Os caranguejeiros relatam que o valor do produto no município aumentou de preço após os cursos de capacitação sobre o transporte do caranguejo em basquetas. Pois, a mortalidade do crustáceo diminuiu e foi possível estocar a produção por seis dias com a resistência de 80% do universo. Fatores que modificaram a relação entre pescadores e atravessadores do crustáceo nesse município, pois ocorre maior dialogo sobre a produção e os valores a serem pagos pelo produto que custava R$ 35,00 reais a centena e passou a custar R$ 80,00 reais (SEDAP, 2015).
A esse respeito 77% dos entrevistados relatam que o preço antes da ação de embalagem e transporte do produto em basquetas, no ano de 2012 era de R$ 35,00 reais a saca do produto e atualmente, em 2015, nas semanas anteriores ao defeso da espécie o produto alcançou o teto de R$ 120,00 a saca (SEDAP, 2015). O que os pescadores destacam que as mudanças são provenientes do uso e manejo da técnica de seleção, embalagem e transporte desenvolvida a partir do diálogo entre saberes diferentes (Figura 8).
A valorização do produto e a renda auferida possibilitaram aos caranguejeiros perceberem o valor do trabalho e a importância econômica, social e produtiva para o município, do animal por eles comercializado: “Com o nosso trabalho com essas basquetas, a vida melhorou pra nós. Tem gente que comprou algumas coisas pra casa, outros estão melhorando a casa. Vê o Valdo, lá do São Francisco comprou tijolo e cimento e tá pensando em mexer na casa. Eu fiz o piso da sala de casa, reboquei por fora e melhorei o banheiro. A família gostou muito, trouxe conforto pra todos. Mas é bom lembrar que agora nós estocamos aqui em casa ou na resexs o nosso caranguejo e não precisamos entregar por qualquer preço aos atravessadores, negociamos cada caranguejo para conseguir preço melhor. Ano passado, em julho fiquei muito feliz, por que nos finais de semana coloquei o caranguejo nas basquetas para ser vendido aqui na porta da resexs, vendi mais de 1.600 caranguejos, morreu só 3 e  o preço foi de R$ 1 real cada unidade, Paidégua! O mesmo preço de Belém nas feiras do governo do estado e aqui o patrão estava pagando 0,65 centavos cada um.” (caranguejeiro da sede de São João da Ponta).

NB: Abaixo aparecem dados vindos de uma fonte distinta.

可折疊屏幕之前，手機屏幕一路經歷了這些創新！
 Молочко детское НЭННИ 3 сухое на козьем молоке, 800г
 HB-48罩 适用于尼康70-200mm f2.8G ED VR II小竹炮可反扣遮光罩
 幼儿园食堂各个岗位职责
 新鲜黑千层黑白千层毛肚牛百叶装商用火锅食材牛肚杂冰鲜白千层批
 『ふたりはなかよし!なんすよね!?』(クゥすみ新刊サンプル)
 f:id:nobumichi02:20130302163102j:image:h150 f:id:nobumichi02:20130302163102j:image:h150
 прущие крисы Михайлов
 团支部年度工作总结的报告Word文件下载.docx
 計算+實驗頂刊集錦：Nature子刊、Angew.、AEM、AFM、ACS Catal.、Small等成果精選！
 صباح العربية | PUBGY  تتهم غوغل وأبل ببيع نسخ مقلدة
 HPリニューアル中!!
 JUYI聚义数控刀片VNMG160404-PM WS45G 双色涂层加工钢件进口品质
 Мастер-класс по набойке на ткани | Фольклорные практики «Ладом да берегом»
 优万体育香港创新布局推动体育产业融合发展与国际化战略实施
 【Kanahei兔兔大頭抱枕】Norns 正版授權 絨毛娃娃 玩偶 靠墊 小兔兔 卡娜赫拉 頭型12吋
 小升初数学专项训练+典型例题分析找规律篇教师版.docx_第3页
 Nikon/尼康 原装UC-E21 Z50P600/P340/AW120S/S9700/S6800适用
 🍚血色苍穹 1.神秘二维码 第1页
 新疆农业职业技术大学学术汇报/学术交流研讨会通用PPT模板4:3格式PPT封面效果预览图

Ainda sobre a constituição de renda nas comunidades pesqueiras de São João da Ponta. A variação se dá em dois períodos, inverno e verão. O primeiro estende-se, de acordo com os pescadores entrevistados, de Dezembro a Julho, e o valor do produto em média é estabelecido pelo mercado em R$ 80,00 (oitenta reais) a saca com cem animais. A média de extração de animais por dia é de 126 devido à mortalidade. Quando multiplicado pelo período de trabalho do mês de 20 dias, a renda bruta é equivalente a R$ 1600,00 reais, ou seja, 2,4 salários mínimos do período pesquisado e o quantitativo de animais extraídos homem/mês é de 2.520 crustáceos.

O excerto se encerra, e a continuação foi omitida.